Planting Climbing Roses

A different approach to planting climbing roses


Climber on garden shedRampant Climber on a friends garden shed

All types of climbing roses, as well as ramblers, are primarily roses and therefore they need a slightly aerated, sunny location and good soil to be comfortable.

If you want to know more about that stuff, start with planting roses and the following pages, to get a feeling for the needs of the roses.

I prefer to plant bare root roses, but that is a matter of taste, and you cannot buy them all year-long.

However, what is so unique and different in planting climbing roses?



Choosing The Location And The Plant

Climbing roses tend to overtake the space where you plant them. If you want them to grow up a tree, it is ok to position climbers close to them. Otherwise, place them away from trees, shrubs and any other plants.

It is worth to take your time to choose the location and the type of climbing rose carefully up front. It makes a difference growing a pliable rambling rose along a fence or over an arbor, or choosing a sturdier climber variety to grow along a wall or a pillar.

Find some detailed information about that topic at my pages for climbing roses and growing climbing roses.

Easy Steps For Planting Climbing Roses

Assuming we use bare root roses, we have to dig the planting hole 1.5-2 feet away from the structure you want to grow them.
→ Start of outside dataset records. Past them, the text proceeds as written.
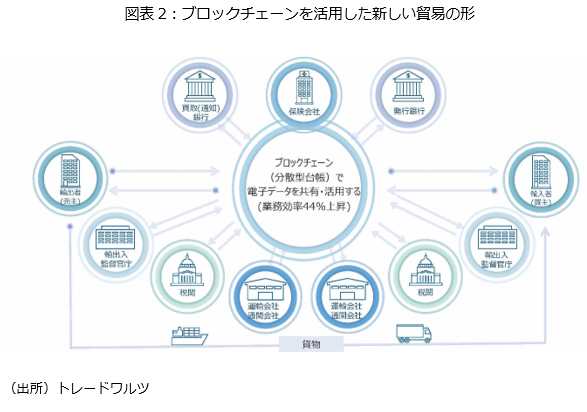 図表2：ブロックチェーンを活用した新しい貿易の形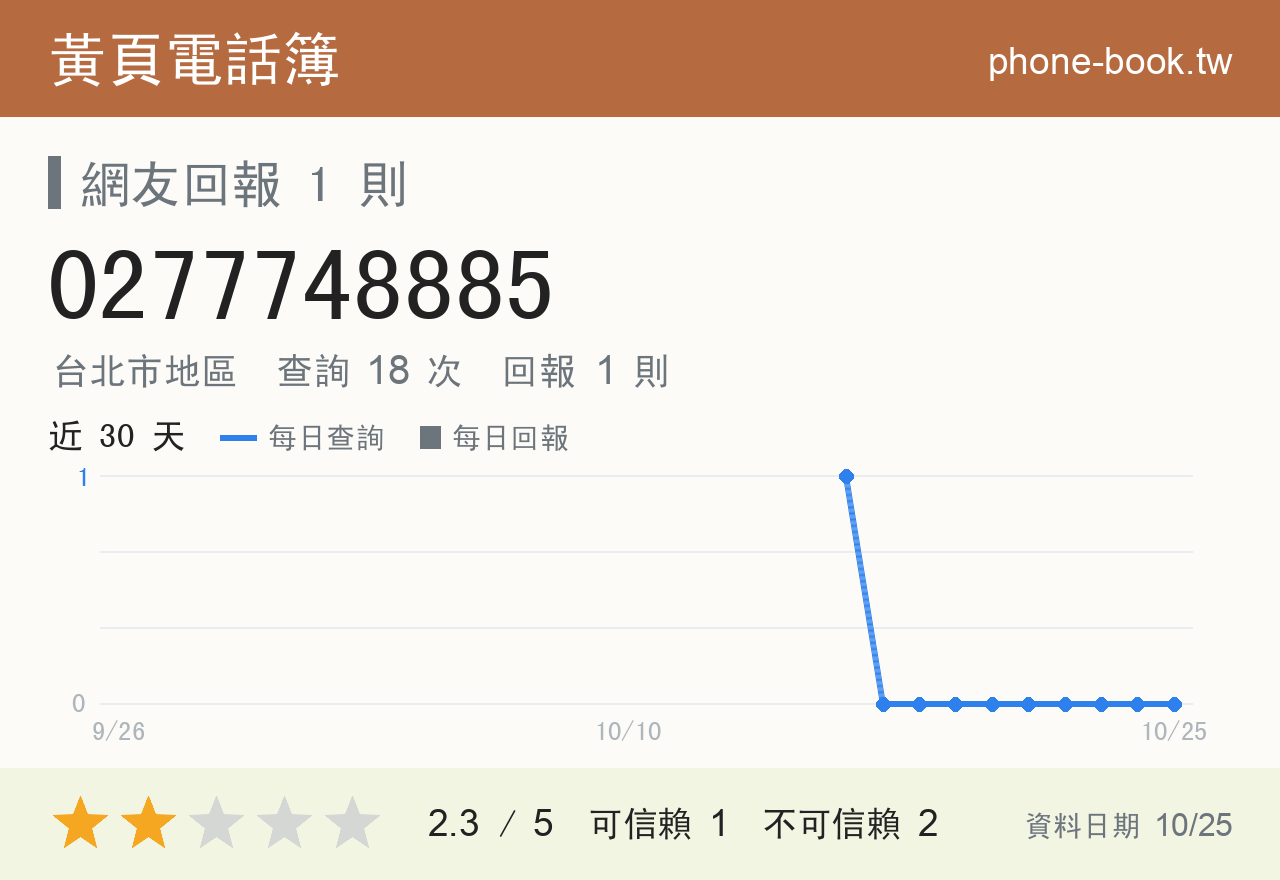 0277748885 評分卡：查詢 18 次、網友回報 1 則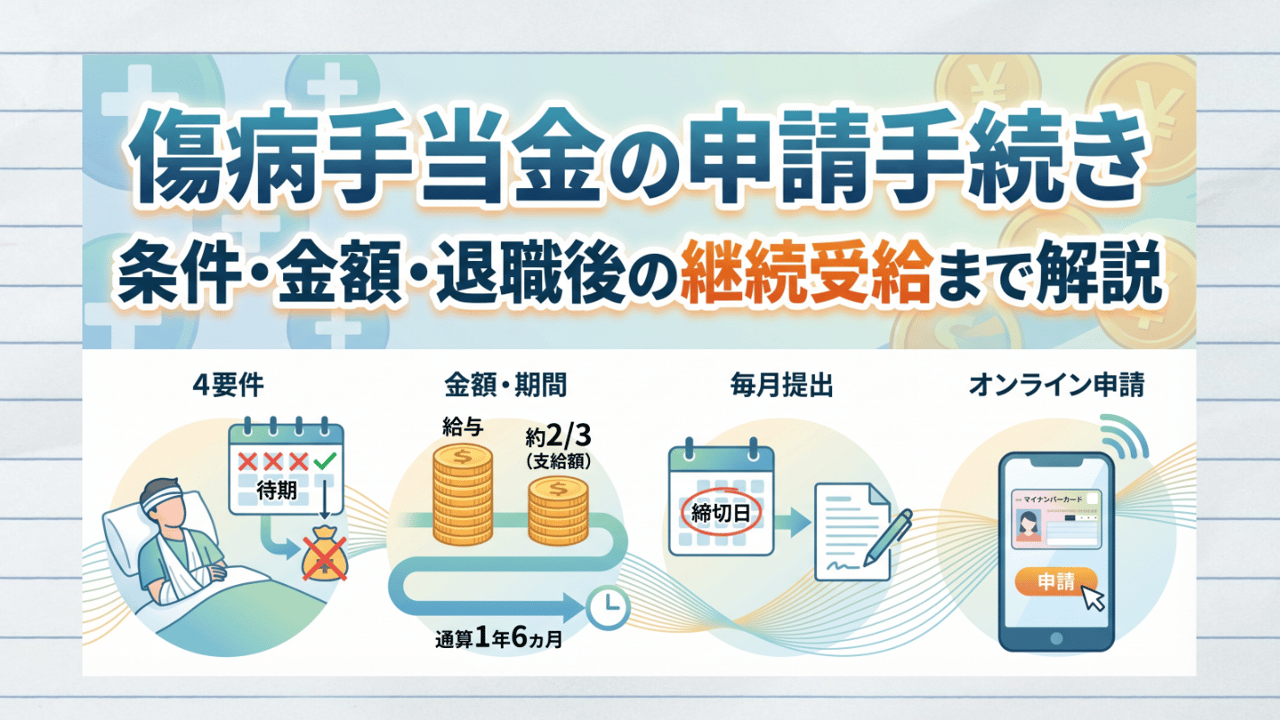 傷病手当金の申請手続き〜条件・金額・退職後の継続受給まで解説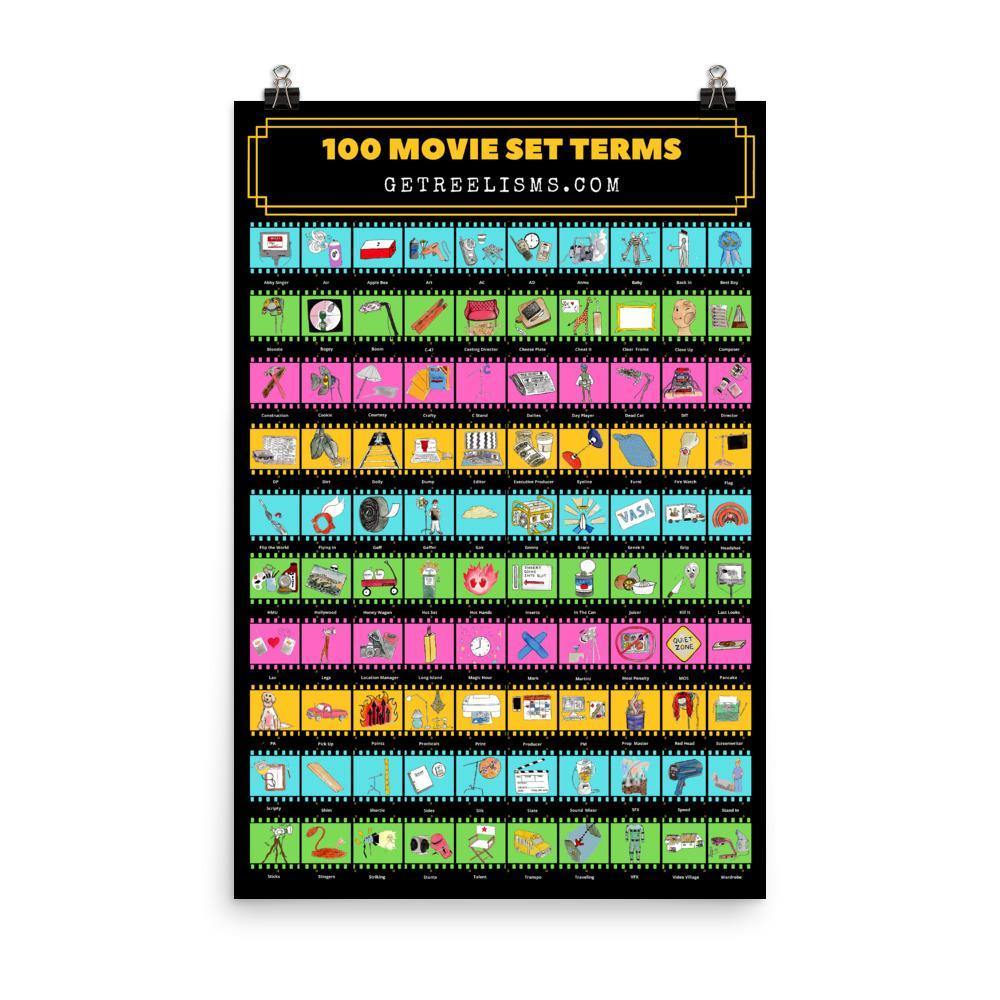 HOLIDAY SALE | 100 MOVIE SET TERMS - Poster - Get Reelisms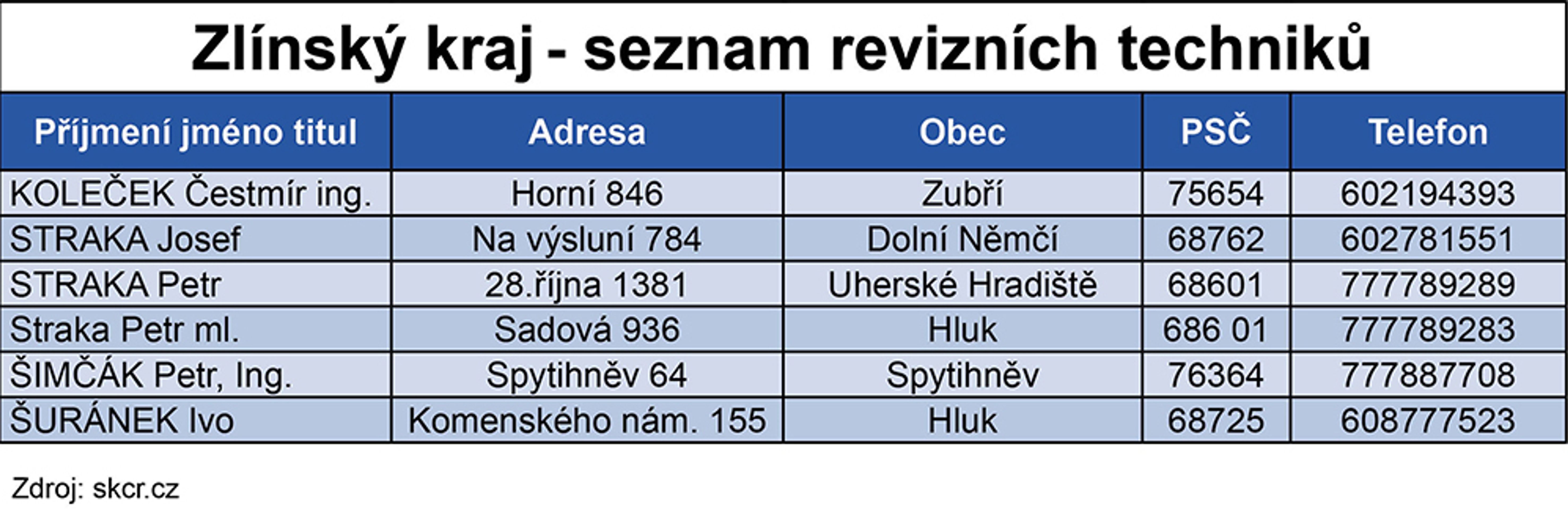 Seznam revizních techniků - 16 - GALERIE: Seznam revizních techniků spalinové cesty (1/16)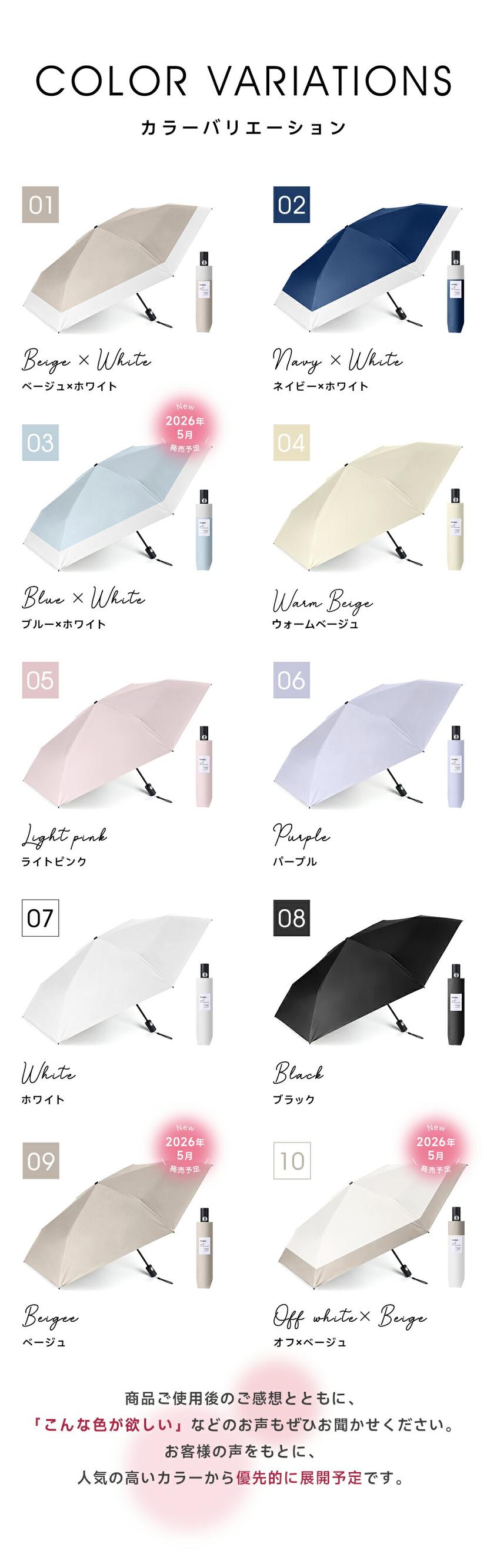 NADAS 形狀記憶自動開合晴雨兼用摺疊傘(6骨) 圖 2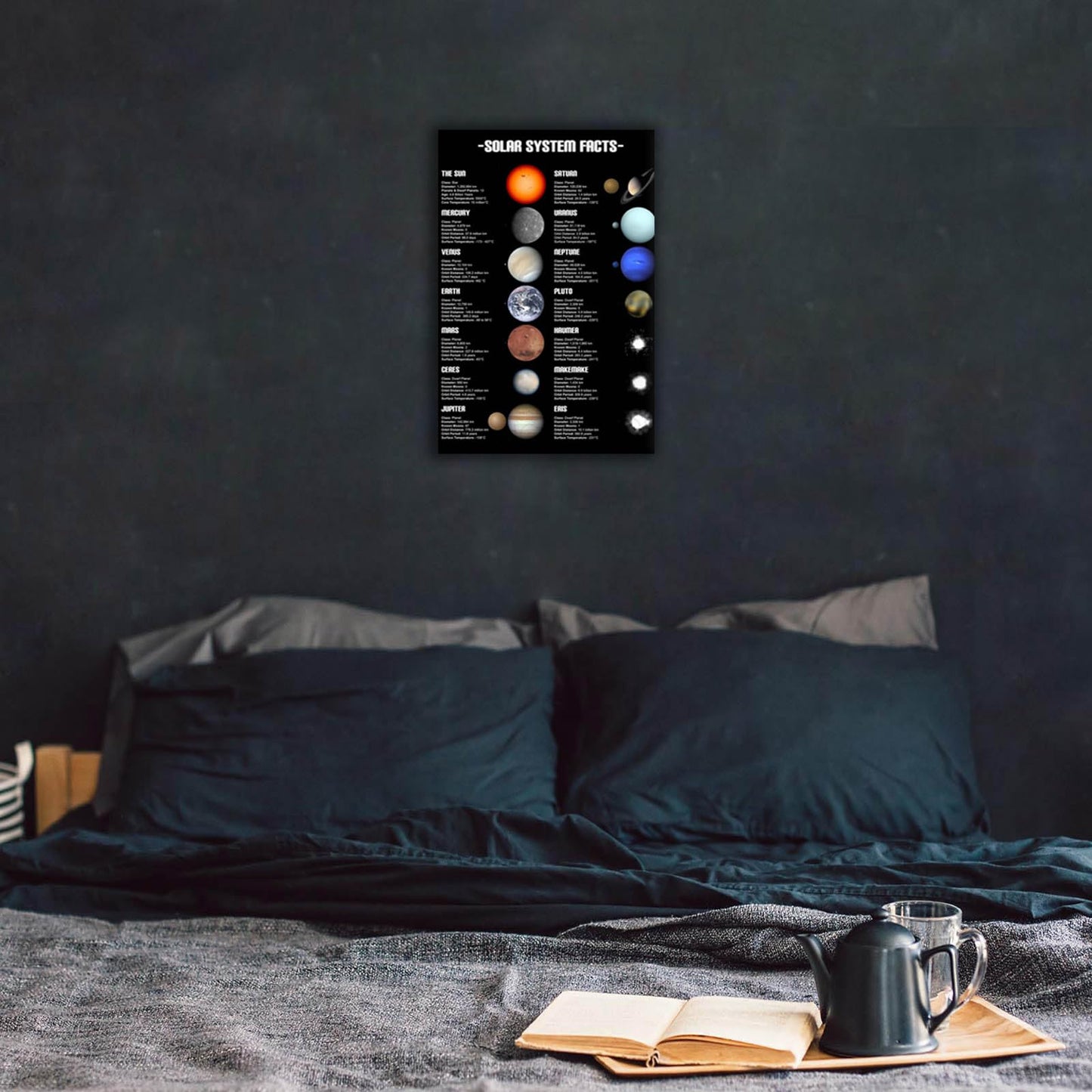 Solar System Educational Planet Poster Universe Infographic Star Life Cycle Astronomy Knowledge Suitable For Living Room Dormitory Bedroom Wall Decoration 16x24in Framed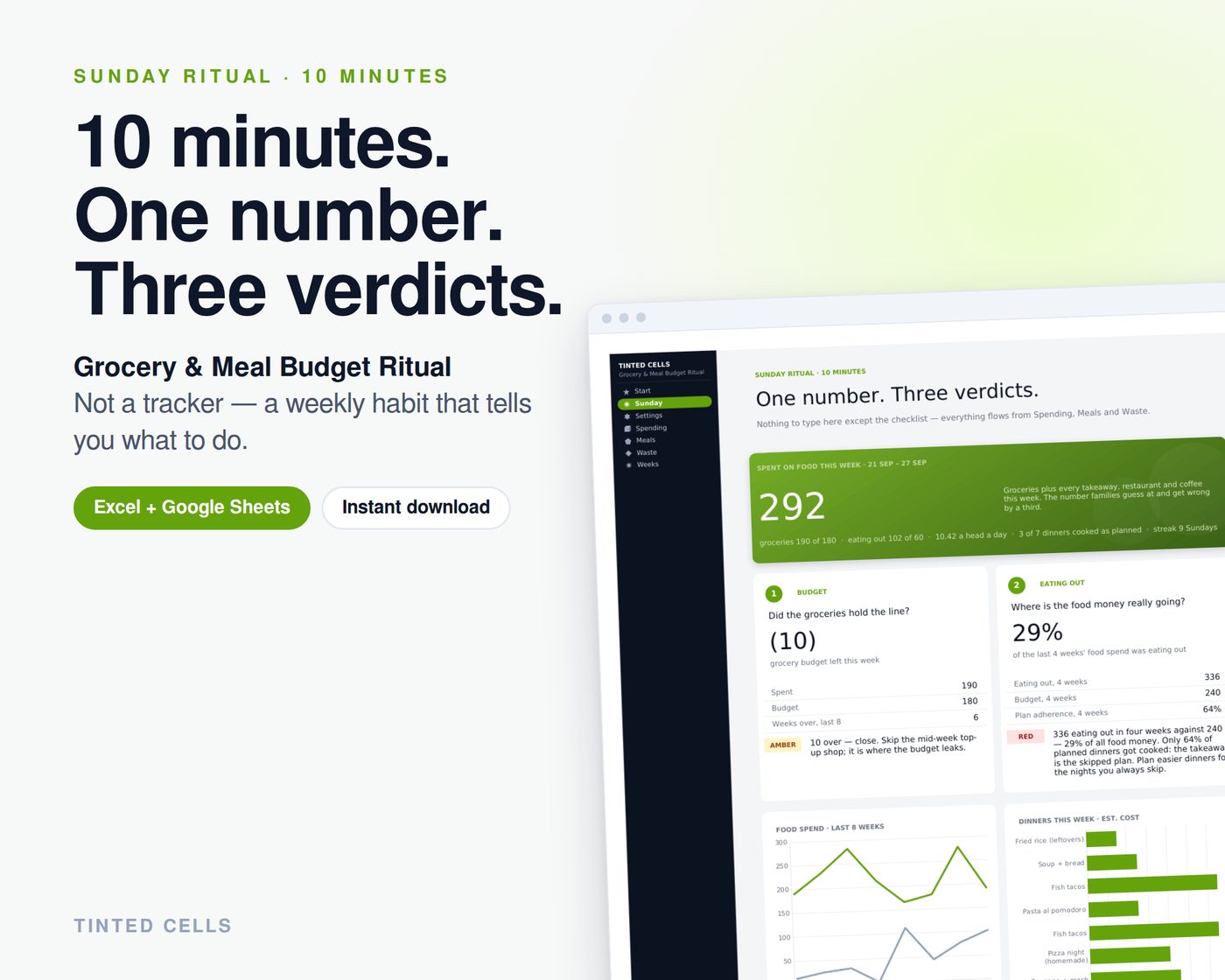 Grocery & Meal Budget Ritual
One reason for that method is that the soil close to walls, fences and other structures mostly is poor.

Tip of caution

Never use fertilizers in planting holes! Always refill the hole with the soil you dug out. For poor soil, work in some organic soil amendment.

Put the plant in the hole in a way that the canes lean toward the support and in return, the roots should spread away from the supporting structure.

The climbing rose should easily find her way to the structure, which she should overgrow.

As you have pruned the rose before planting her, she will be too far away from the support to reach it properly.

When the climber starts to grow, support her with a temporary structure, which the rose can use until she has reached her destination.

Since climbing and rambling roses cannot climb alone, like a vine or other plants using their hooks to climb, you have to train them to the support structure from start.

If you are really interested in climbing roses, check out my page how to train climbing roses for further information.

Gardener's Advice

Do not forget to deep water the plant daily, until the rose has grown appropriately. Water is always useful for deep rooting.